New Delhi: The Delhi Metro Rail Corporation (DMRC) has floated a tender to deploy 25 trains, each with six coaches, under lease, have come one step closer to reality, and the entity received 11 expressions of interest (EoI) of six possible financiers. and five possible manufacturers of rolling stock. They are willing to sign a tripartite agreement with DMRC to manufacture, finance and lease buses for a period of 30 years. This lease proposal is based on a new public-private partnership (PPP) model, which Indian Railways is testing for the first time. Invest India, created under the Department of Industrial Policy and Promotion (DIPP), analyzed metro systems around the world before recommending the hire of buses under the PPP model to the DMRC. These models to finance and hire trainers exist in Australia, the United Kingdom and throughout Europe.
The advantage of the leasing model is that the DMRC will not have to make an initial capital investment or incur any maintenance costs during the coaches’ entire 30-year life cycle. Instead, it will pay the concessionaire the rented trains for hours. HS Anand, director – rolling stock, DMRC, said that the private partner would not be required to assume any risk, a key concern of the private sector in PPP projects. He told Media, “DMRC is guaranteeing the hourly requirement of the trains, whether I have a passenger or not, it is not their risk, they will be paid as long as they make the trains available according to our requirements and bring them on time.”
By the way, the number of passengers in the Delhi metro exceeded 100 million rupees in a single fiscal year in fiscal year 17, and averaged 30 lakh daily, according to the data available on the DMRC website. Financial entities such as Mitsubishi Financial Group, Mitsui & Co, Equus Asia, the National Infrastructure Investment Fund (NIIF), IL & FS Financial Services and I Squared Capital have presented EoIs. Among the manufacturers of rolling stock, the companies evaluated for the second bidding round are: Bombardier of Canada, the French multinational Alstom, Construcciones y Auxiliar de Ferrocarriles de España, BEML of India and the manufacturer of electric locomotives of China CRRC Zhuzhou Locomotive Company.
Anand explained that the winning bidder will be paid by the hour. He said: “Bidders will have to present the hourly availability rate of the trains, based on this and the other criteria mentioned in the tender, the net present value (NPV) will be calculated, who is able to offer the best NPV. will be the preferred provider and will be selected. ” Anand said that the evaluation of the EoIs would end in March, and then the selected ones will be asked to submit their requests for proposals (RFP). “This will take around two months, and we hope to finish the winning bidder in July or August of 2018.” If the first pilot is successful, the DMRC can request another 100 coaches under the terms of the contract, bringing the total number of leased coaches to 250.
The DMRC currently does not reach some 916 coaches, which would imply a capital expenditure of approximately 13,000 million rupees if purchased directly. If successful, the model could have a significant impact on metro projects being executed across the country. In fact, the American infrastructure consultant Louis Berger already recommended this lease model under a PPP contract for the proposed metro projects in Bhopal and Indore.

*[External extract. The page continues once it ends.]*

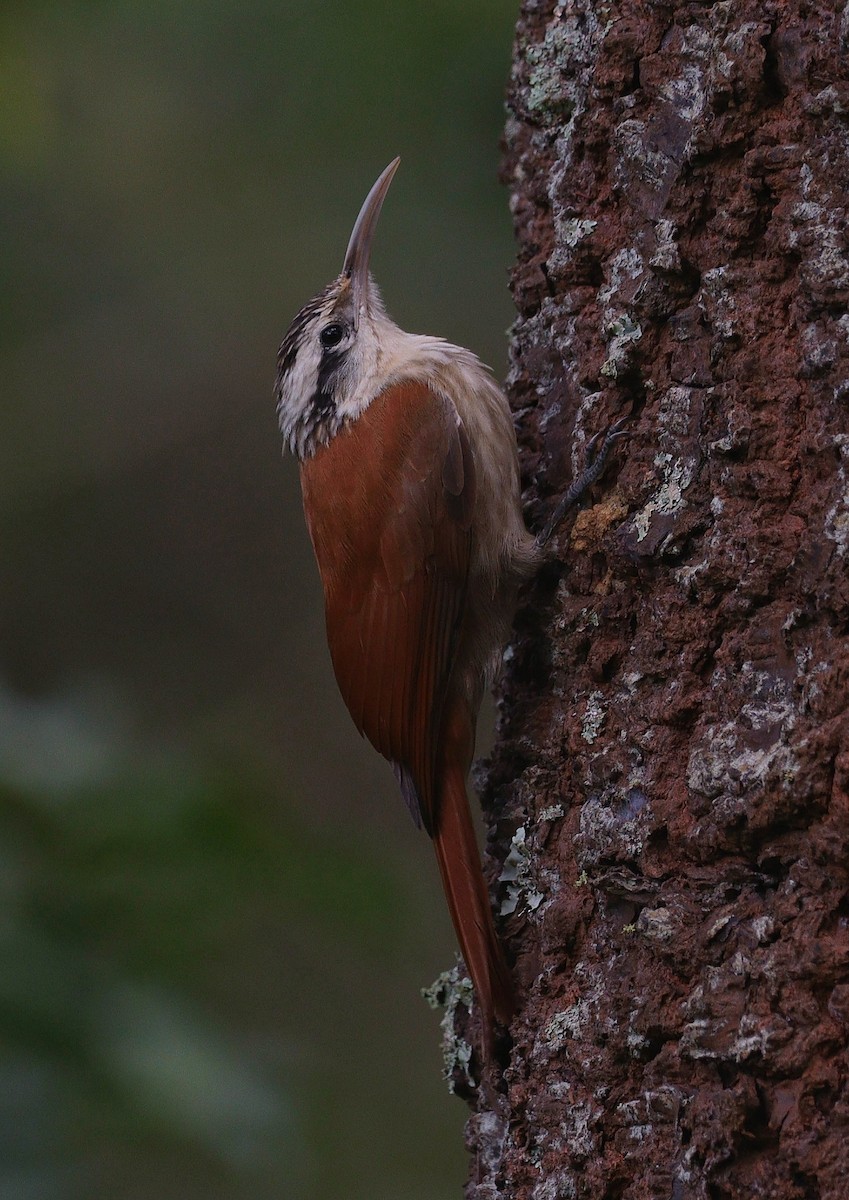 Narrow-billed Woodcreeper - ML616843570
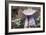 Fungi Focus - Crop-Staffan Widstrand-Framed Giclee Print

Kshitish Nadgauda, vice president and general manager (Asia), Louis Berger, told Media: “This model is ideal since smaller cities require only about 100 buses and the basic maintenance equipment required could be too expensive for an operation On the contrary, maintenance can be taken care of by manufacturers that are in a better position to do so and that can provide a lot of efficiency, being able to avoid this type of capital expenditure can make a big difference to guarantee the viability of a project “.